As discussed in a previous Whistleblower Defense Alert, the district court in this case granted summary judgment to the defendant based on the favorable testimony of key government witnesses. The Sixth Circuit opinion adopted the district court’s reasoning on the key factual and legal issues.
First, the Sixth Circuit rejected the relator’s attacks on the consistent testimony of the key government decision-makers, holding that the relator could not create a fact dispute based on the speculative testimony of a government official not involved in the decision-making process or the speculative opinion of an expert. This holding is consistent with the line of cases stating that a relator cannot substitute his own subjective interpretation for that of the relevant decision-makers.

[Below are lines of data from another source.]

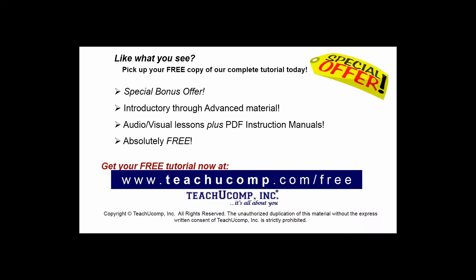Like what you see? Pick up your free copy of the complete tutorial at www.teachucomp.com/free.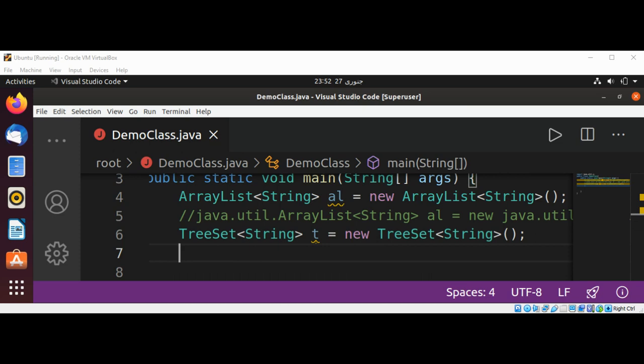So when the compiler and the JVM see this code, they know to look through our java.util package for our ArrayList and TreeSet.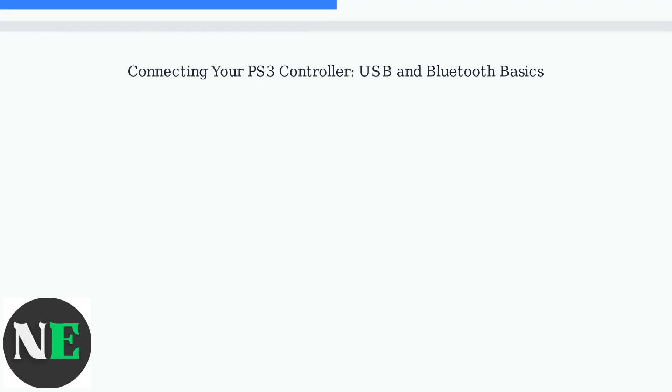Want to use your PS3 controller on your PC? Sony doesn't officially support it anymore, so we're using workarounds. You've got two main options: USB and Bluetooth.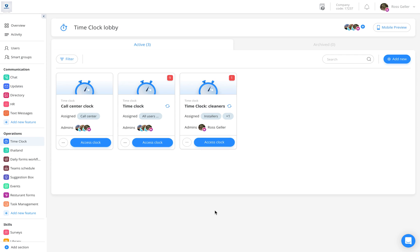Welcome to the bulk actions tutorial. Today we are going to demonstrate how to add many absences and shifts to many users at once, both from the dashboard and from the mobile app.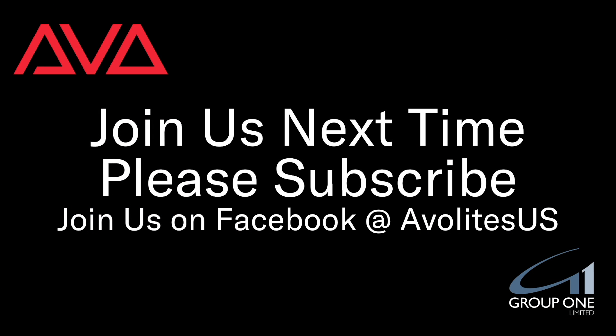So that has been how to send a ping from a console or the PC suite. I hope you learned something. Join us on Facebook at AVLightsUS. Join us here next time. Please subscribe. Thanks. Bye.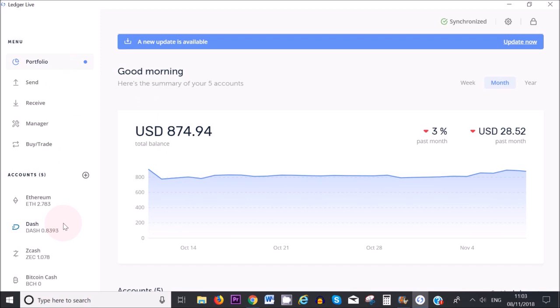For example, I have here Dash and I have 0.83 of a Dash, which is almost one Dash. Say I want to add an extra cryptocurrency on my Ledger device, which is Bitcoin Cash.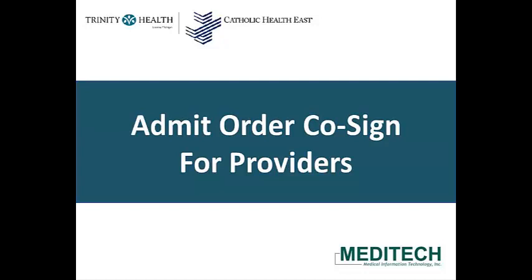Welcome. In this video, we will demonstrate Admit Order Cosign for providers who do not have admit privileges.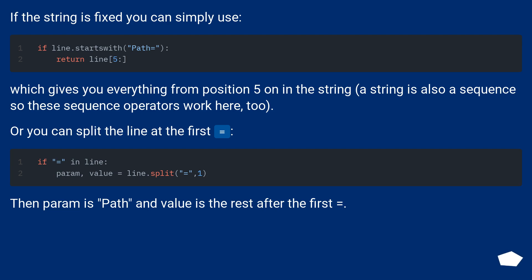Or you can split the line at the first equals. Then param is path and value is the rest after the first equals.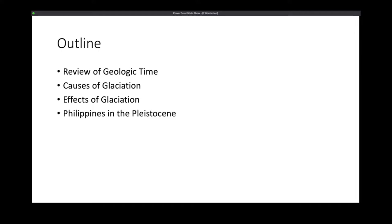So first, we'll have the outline of our lecture for today. The first part includes the review of your geologic time scale and deep time, then we'll move on to the causes of glaciation. Next, we'll dwell with the effects of glaciation, and then we'll briefly discuss the Philippines in the Pleistocene time.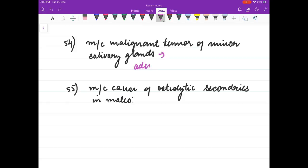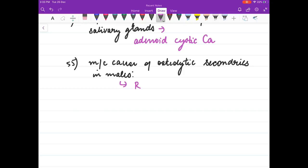Most common malignant tumour of minor salivary glands is adenoid cystic carcinoma. Most common cause of osteolytic secondaries in males is renal cell carcinoma. Thank you friends for watching this video — do like my video and comment, because they keep me motivated. Thank you friends.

Second, the Sixth Circuit also adopted the district court’s approach to applying the natural tendency materiality test. In rejecting the relator’s argument that the district court incorrectly applied the subjective outcome materiality test rather than the more lenient and objective natural tendency test, the Sixth Circuit explained that “[s]tatements by the actual decision-makers may be (and often are) the best available evidence of whether alleged misrepresentations had an objective, natural tendency to affect a reasonable government decision-maker.” While this statement may seem obvious, relators (and sometimes the Department of Justice) have argued that the natural tendency test merely requires a showing that on some day, some government decision-maker could have been influenced to some extent by the representations at issue. The Sixth Circuit correctly explained that the natural tendency test is more concrete than theoretical and that actual evidence of immateriality cannot be ignored.

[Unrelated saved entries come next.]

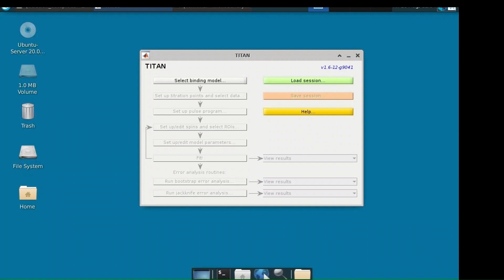You can load processed data files into Titan using either NMR pipe or BRCA topspin. Make sure that all spectra are analysed in the same way. If NMR pipe is used, process using the linear and exponential window functions. To improve time taken for Titan analysis, make sure to only extract 1H chemical shift ranges between 7-10 ppm.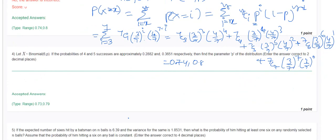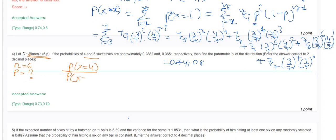Question 4: X is a binomial expression of (6, p). The probabilities of 4 and 5 successes are 0.2882 and 0.3651 respectively. We need to find the parameter p. Since n = 6, we form the ratio P(X=4) / P(X=5) = 0.2882 / 0.3651.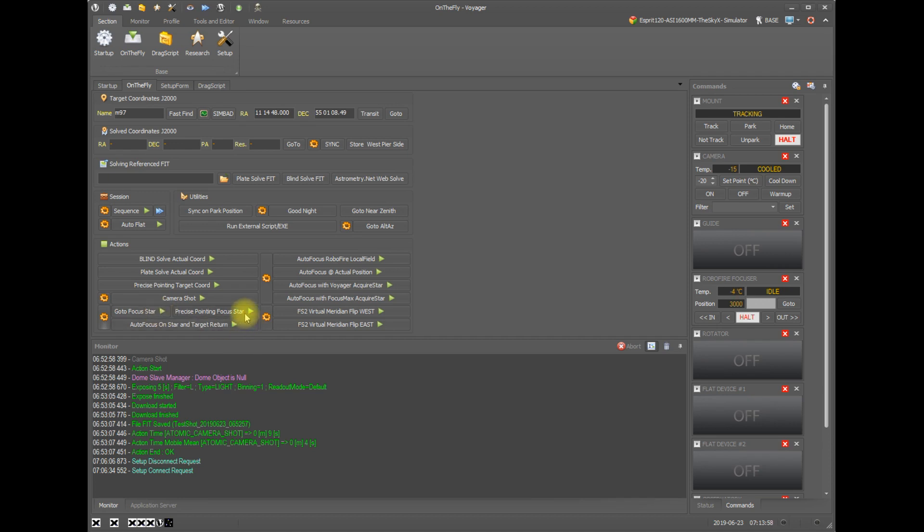Precise pointing, on the other hand, will slew the mount to the coordinates that you specify. Then it will take an image, plate solve the image, and re-slew the mount if necessary to get within the errors that you specified in setup for precise pointing. So this is a way to get the star more accurately centered.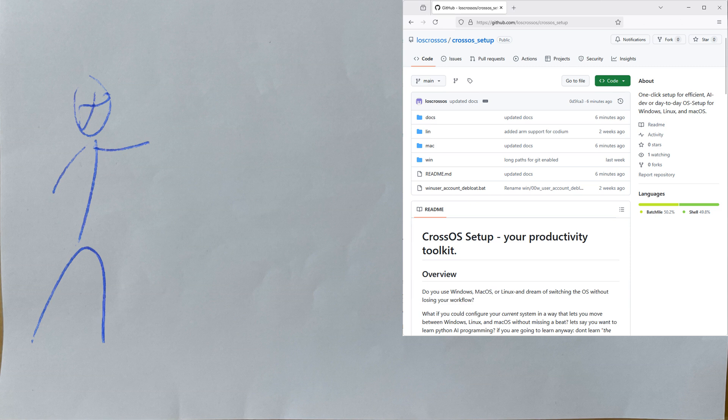It's fully free and open source, and it sets up your Mac, Windows, or Linux PC automatically to a full-fledged AI software development station.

The Sixth Circuit stopped short of issuing a bright-line pronouncement that favorable testimony by the key government decision-makers always necessitates a finding of immateriality. The court left open the possibility that the government-decision makers could have been tainted by bias or have acted irrationally. Although the Sixth Circuit did not explicitly say it was imposing a burden-shifting approach, it may be the practical effect of the opinion. When a defendant introduces uncontroverted evidence that the representations at issue were immaterial, summary judgment is appropriate unless the relator can show that the government decision-makers acted unreasonably.

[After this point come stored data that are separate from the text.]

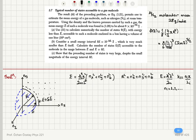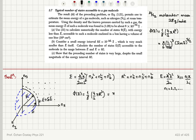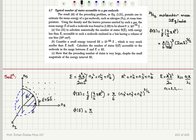Therefore, the number of accessible states with energies less than E is one-eighth of the volume of the sphere: (4/3)πr³, where r is the radius given by √(nx² + ny² + nz²). So it is π/6 × (nx² + ny² + nz²)^(3/2), which gives the equation: the number of accessible states with energies less than E equals π/6 × (L/πℏ)³ × (2mE)^(3/2).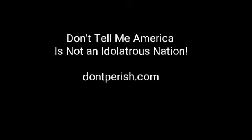Hey greetings, this is brother Jim at dontperish.com, John 4:24 radio. Hope you're all doing well. I got a teaching and some thoughts for you today. Here's my title: don't tell me America is not an idolatrous country.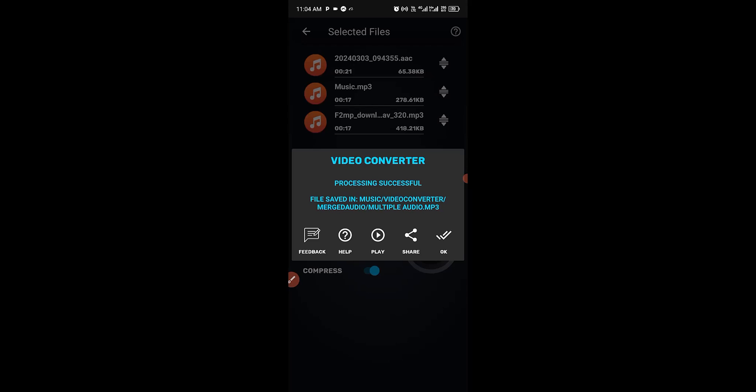It's as simple as that — it has been successfully converted within a few minutes. The next thing I'm going to do is click on Play Now to listen to the audio.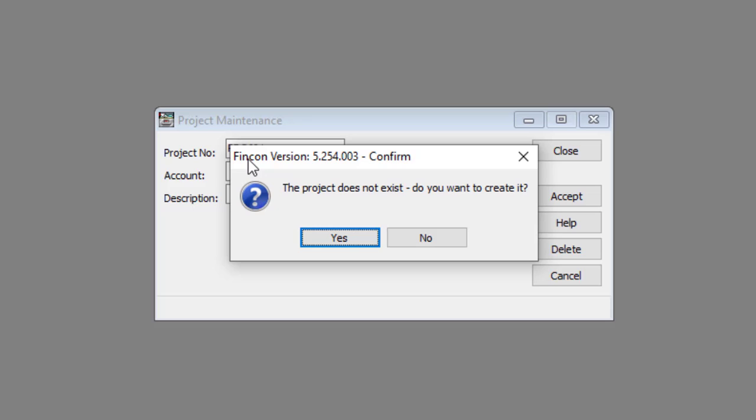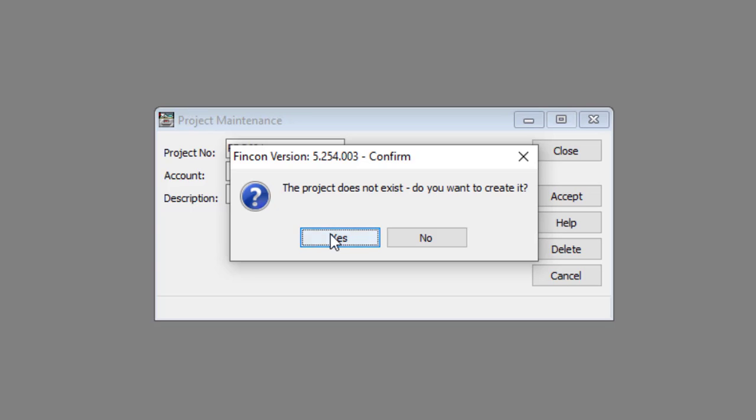Check that the following message box appears. The project does not exist. Do you want to create it? Click the Yes button.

Similarly, the Sixth Circuit noted that the government’s decision to continue doing business with a contractor after it discovers an alleged misrepresentation weighs against a finding of materiality but is not dispositive. The court observed that the evidence may demonstrate that other factors led the government to continue a contract despite a material misrepresentation. See United States ex rel. Harrison v. Westinghouse Savannah River Co., 352 F.3d 908, 917 (4th Cir. 2003). Again, the Sixth Circuit appears to put the burden on the relator to come forward with specific evidence in order to avoid summary judgment.
This opinion reaffirms the fact that government decision makers can be a defendant’s strongest witnesses. The Sixth Circuit blessed the use of government decision-maker testimony to prove immateriality as a matter of law by resolving the inherent tension that exists whenever a defendant attempts to use subjective testimony to prove immateriality under the objective “natural tendency” standard. In our previous Whistleblower Defense Alert, we suggested that “ManTech instructs that FCA defendants should seek helpful evidence regarding all three “phases” of the government’s decision-making process: (1) that the government did not intend to condition payment on the issues in question; (2) that the government did not consider the misrepresentations at issue when making the payment decision; and (3) that, after being informed of the misrepresentations at issue, the government continued to do business with the defendant. By obtaining comprehensive evidence of immateriality in discovery, a defendant can foreclose any theoretical arguments by the relator that the misrepresentations at issue could have influenced the government’s payment decision.” The Sixth Circuit’s decision has only reinforced the importance of obtaining that evidence.